Your goal: Please reproduce exactly, and only, the line containing "ミュウミュウ マテラッセ クラッチバッグ" and every line after it to the end of the records below, leaving out all pictures.

Brief descriptive captions

_ _ _ _

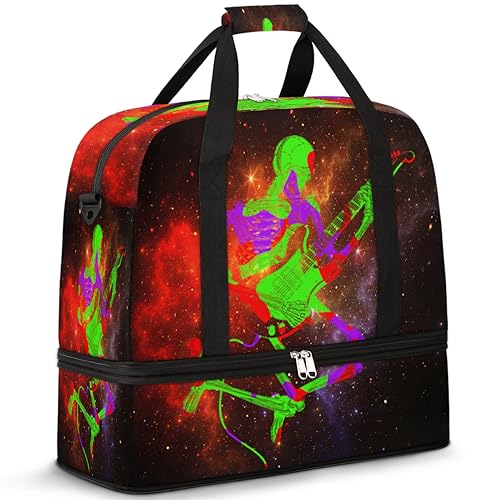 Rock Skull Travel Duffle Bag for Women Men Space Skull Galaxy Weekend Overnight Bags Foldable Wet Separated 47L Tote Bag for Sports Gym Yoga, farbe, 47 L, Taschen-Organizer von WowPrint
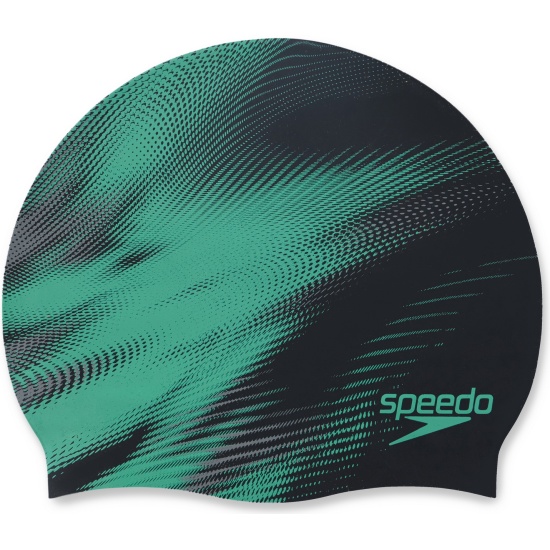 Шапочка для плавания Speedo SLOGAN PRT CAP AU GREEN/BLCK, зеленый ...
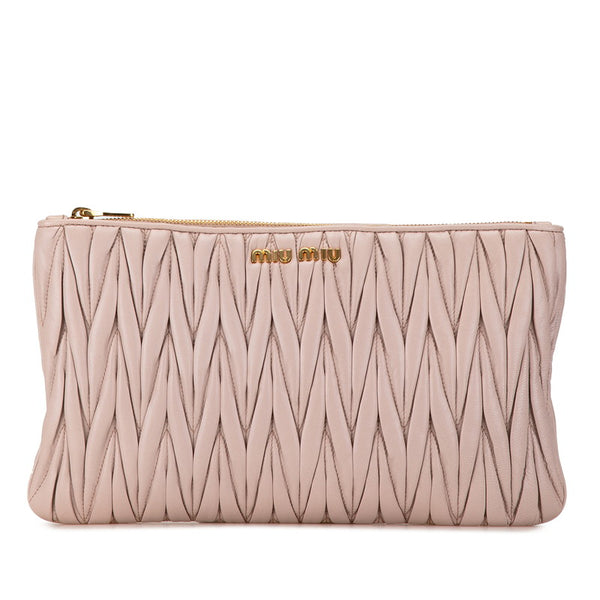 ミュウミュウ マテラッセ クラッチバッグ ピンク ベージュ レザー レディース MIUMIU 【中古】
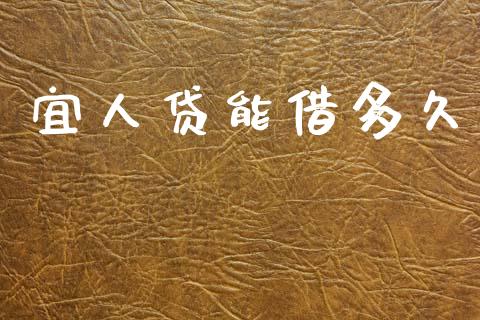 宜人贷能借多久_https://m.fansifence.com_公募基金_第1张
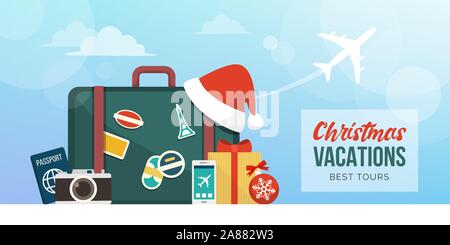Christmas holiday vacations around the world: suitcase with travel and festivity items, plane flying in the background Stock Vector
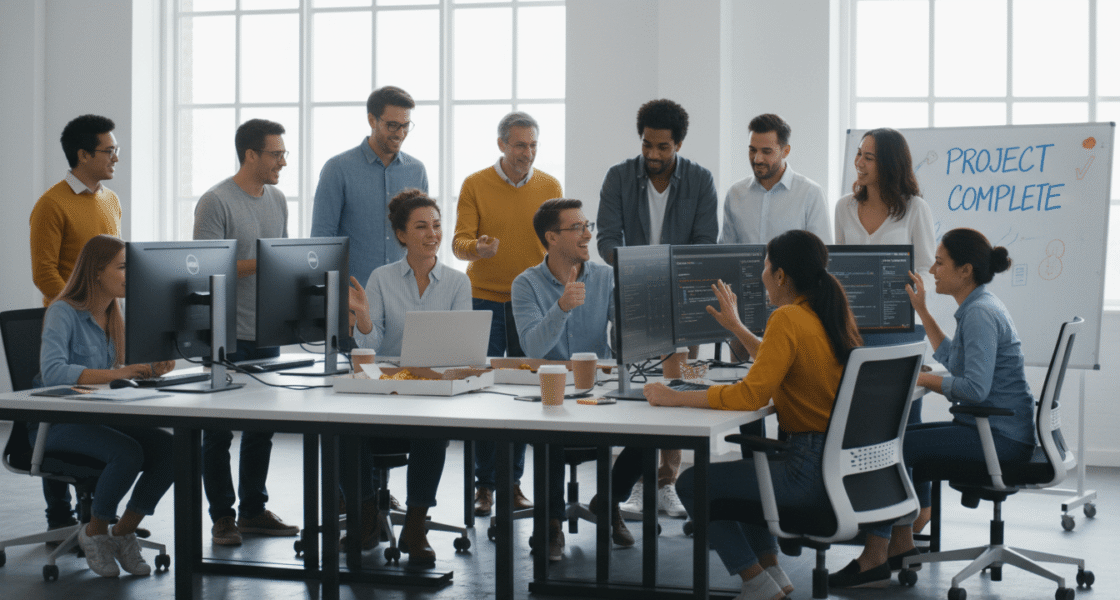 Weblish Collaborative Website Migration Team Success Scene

_ _ _ _

Exercise result:
 ミュウミュウ マテラッセ クラッチバッグ ピンク ベージュ レザー レディース MIUMIU 【中古】
 宜人贷能借多久_https://m.fansifence.com_公募基金_第1张
Christmas holiday vacations around the world: suitcase with travel and festivity items, plane flying in the background Stock Vector
 Weblish Collaborative Website Migration Team Success Scene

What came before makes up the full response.